Short text fragments from websites
+++
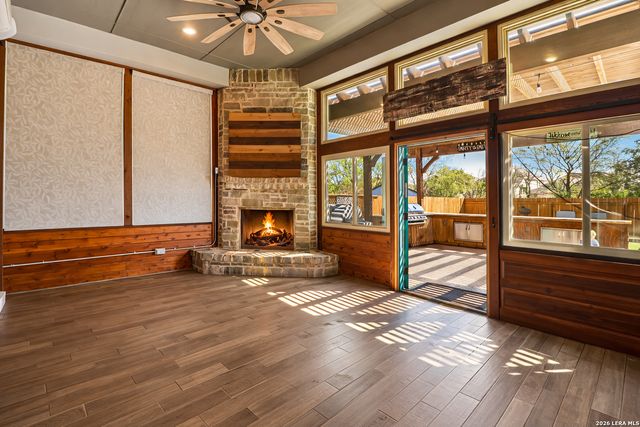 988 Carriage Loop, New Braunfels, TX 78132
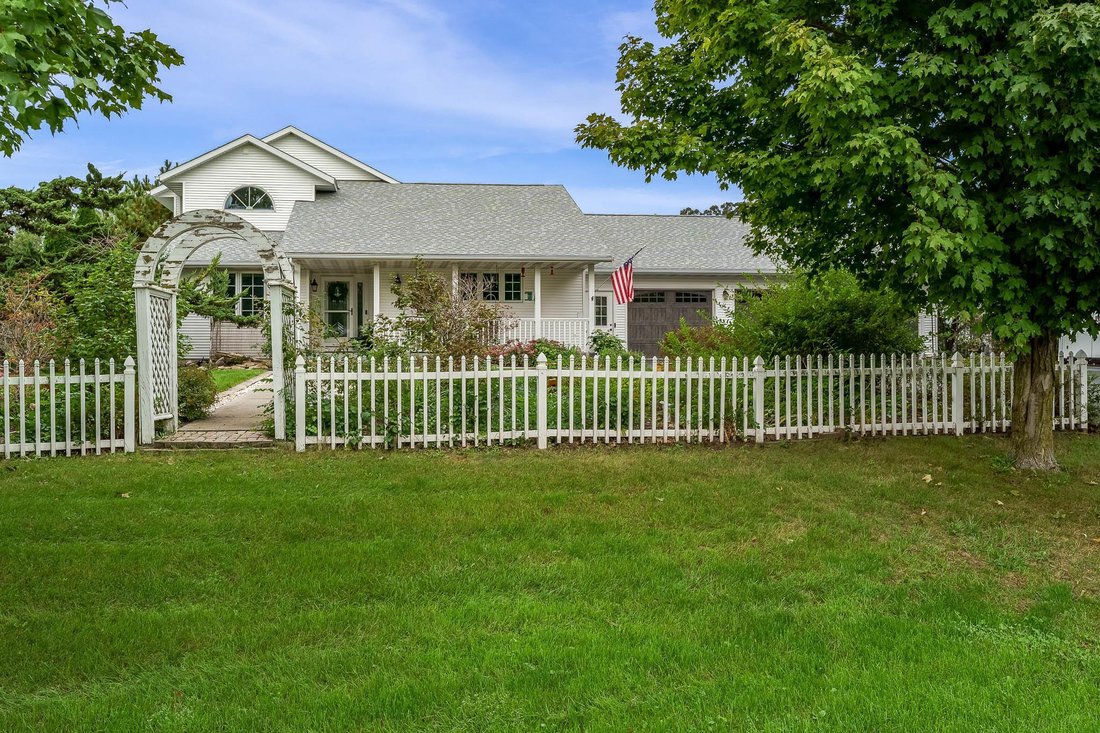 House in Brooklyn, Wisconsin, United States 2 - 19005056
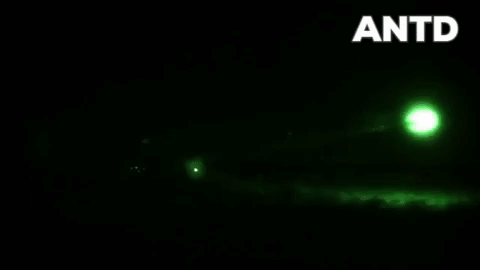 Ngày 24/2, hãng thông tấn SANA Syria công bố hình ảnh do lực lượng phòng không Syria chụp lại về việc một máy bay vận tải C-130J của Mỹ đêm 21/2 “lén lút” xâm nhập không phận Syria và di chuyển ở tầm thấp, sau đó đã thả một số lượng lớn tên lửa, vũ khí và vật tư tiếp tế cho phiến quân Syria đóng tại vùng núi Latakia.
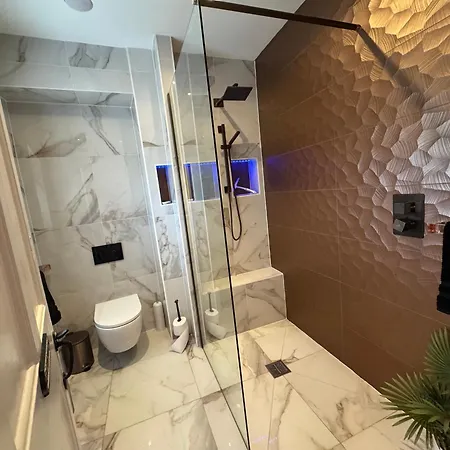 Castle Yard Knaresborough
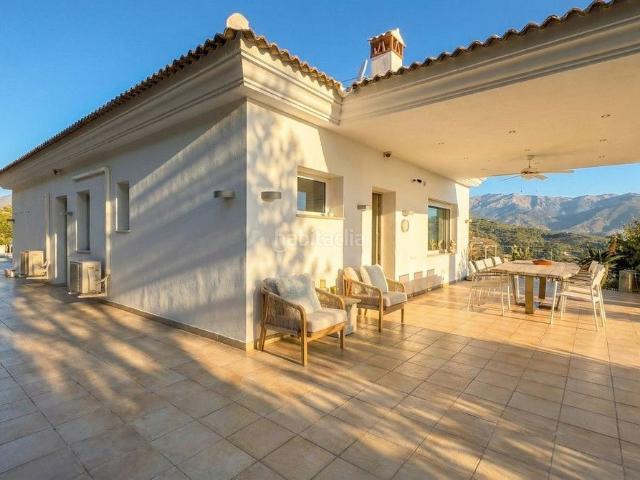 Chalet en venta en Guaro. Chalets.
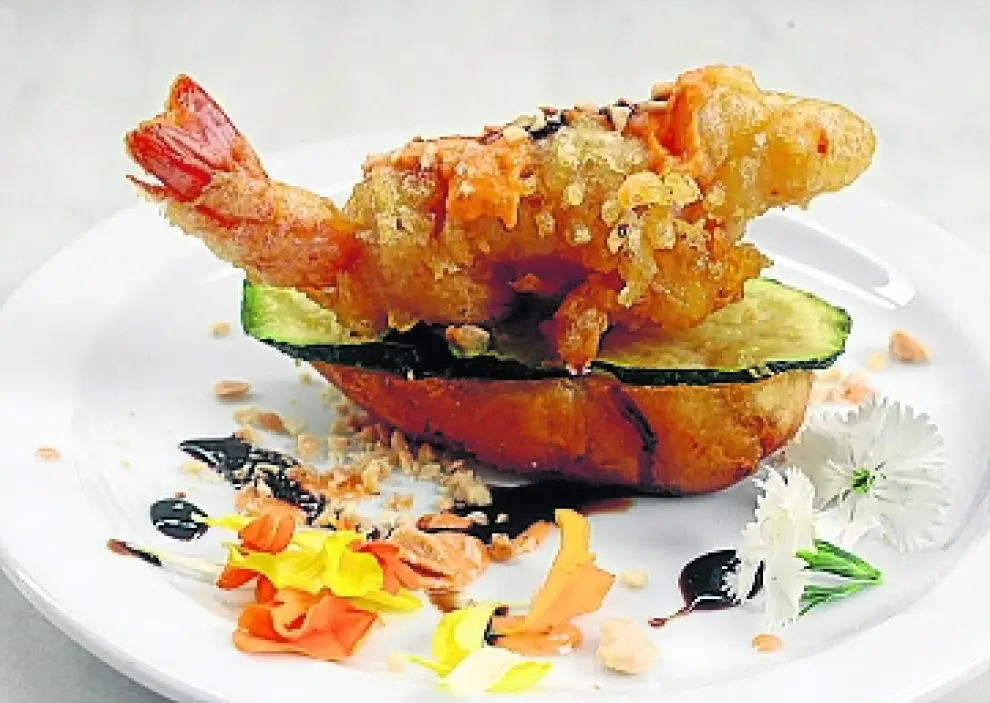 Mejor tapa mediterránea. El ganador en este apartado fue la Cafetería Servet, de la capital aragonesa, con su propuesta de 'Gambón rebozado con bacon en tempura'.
+++
_Task brief_: Retype every entry verbatim and exclude the pictures from the copy.

_Reply_:
 988 Carriage Loop, New Braunfels, TX 78132
 House in Brooklyn, Wisconsin, United States 2 - 19005056
 Ngày 24/2, hãng thông tấn SANA Syria công bố hình ảnh do lực lượng phòng không Syria chụp lại về việc một máy bay vận tải C-130J của Mỹ đêm 21/2 “lén lút” xâm nhập không phận Syria và di chuyển ở tầm thấp, sau đó đã thả một số lượng lớn tên lửa, vũ khí và vật tư tiếp tế cho phiến quân Syria đóng tại vùng núi Latakia.
 Castle Yard Knaresborough
 Chalet en venta en Guaro. Chalets.
 Mejor tapa mediterránea. El ganador en este apartado fue la Cafetería Servet, de la capital aragonesa, con su propuesta de 'Gambón rebozado con bacon en tempura'.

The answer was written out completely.